Zaky cukup puas mendengar jawaban Asha, namun egonya masih menguasai. Ia perlu dalih kuat untuk memberi jawaban pada ibunya. "Setidaknya jelaskan alasannya!"
"Kamu yang paling tahu soal ini, bukan?" Zaky mengerut, ia tidak paham dengan maksud Asha. Namun alih-alih menjelaskan Asha hanya tersenyum kecut dan melempar pertanyaan lain. "Memaksakan sesuatu yang tidak diinginkan itu sangat tidak nyaman, bukan?"
Zaky tidak menjawab pertanyaan Asha. Tangannya masih menggenggam sarung tangan yang tadi sempat ia lepas. Matanya kosong ... terpaku pada sosok di hadapannya— Asha.
Kalimat itu biasa saja, pelan tanpa nada yang menuntut, sederhana namun bagi Zaky seolah itu adalah tamparan paling halus yang pernah ia terima.
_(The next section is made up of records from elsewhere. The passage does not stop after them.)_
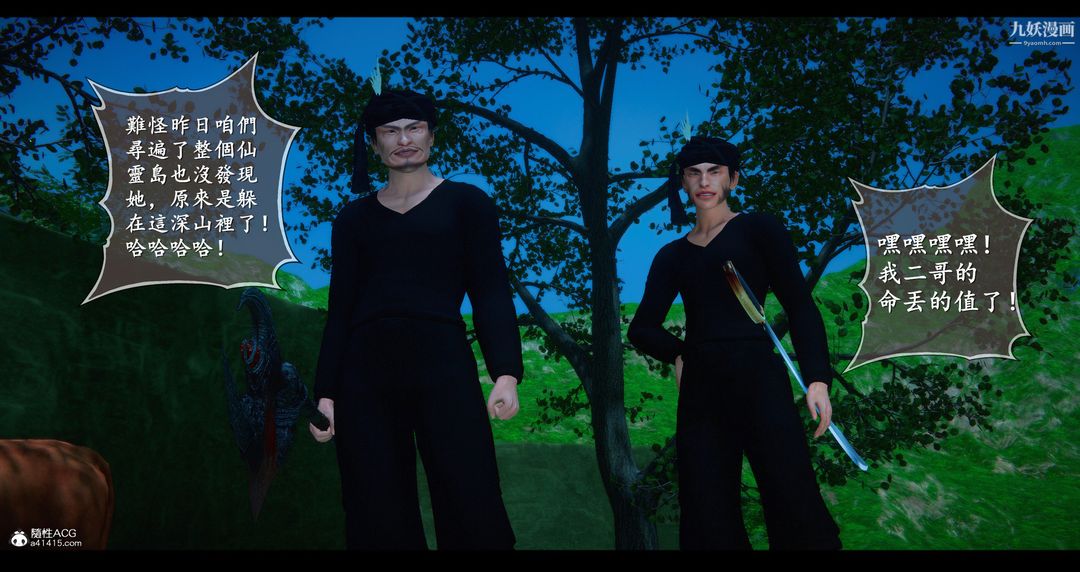 仙剑奇侠传精美同人大作[3D]第07章【第01话】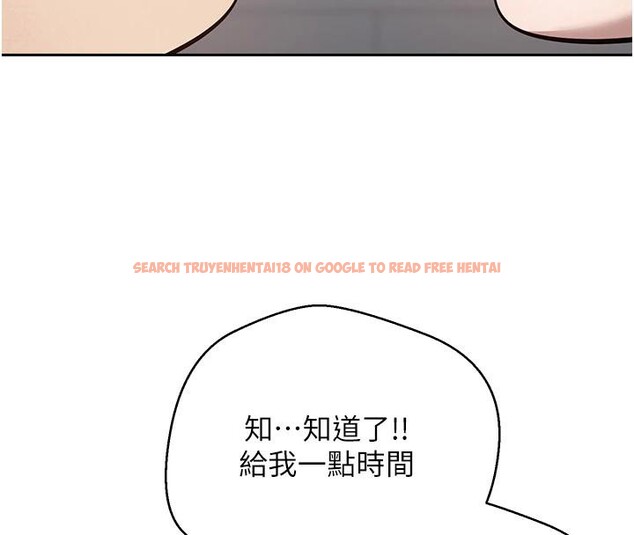 查看漫画幣轉人生 - 第28話-田臻的第一次♥ - tymanga.com中的3498340图片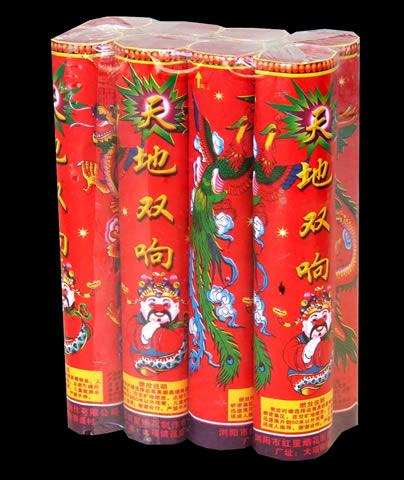 二踢脚是越大越响吗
Tamparan yang membuatnya tersadar dan mengingat berbagai macam momen kenangannya bersama Asha.
Sesuatu diam-diam meremas hatinya. Namun, itu apa Zaky sedikitpun tidak yakin dengan perasaannya. Ia hanya merasa setuju dengan apa yang tadi sempat dilontarkan oleh Asha.
Zaky masih mematung, entah merenungi kalimat Asha atau mungkin pria itu kesal. Tidak ada yang tahu apa yang membuatnya menutup mulut rapat-rapat, tidak membiarkan kalimat setuju yang sejak tadi menari-nari di pangkal lidahnya untuk lolos dari mulutnya.
Ia kembali tersadar ketika Asha sudah sangat jauh melangkah, meninggalkannya yang masih berdiam. Wanita itu melangkah tanpa menoleh. Wanita itu benar-benar kokoh dalam pendiriannya. Itu baik baginya yang juga tidak menginginkan ikatan pernikahan, namun bukan hal baik untuk ibunya.
Zaky membuang napasnya kasar, mengacak rambutnya yang tersisir rapi. Ia tahu, merayu Asha jelas tidak akan membawa hasil yang baik. Kalimat terakhir Asha menyentil hatinya namun mengakui hal itu membuatnya merasa kalah. Dan Zaky tidak suka itu.
Zaky berjalan cepat ia berniat menyusul sosok Asha yang hanya terlihat punggungnya saja. Ia bahkan sampai setengah berlari.
Namun, tunggu! Asha masuk ke dalam mobil. Mobil siapa itu? Lalu siapa pria di balik kemudi itu?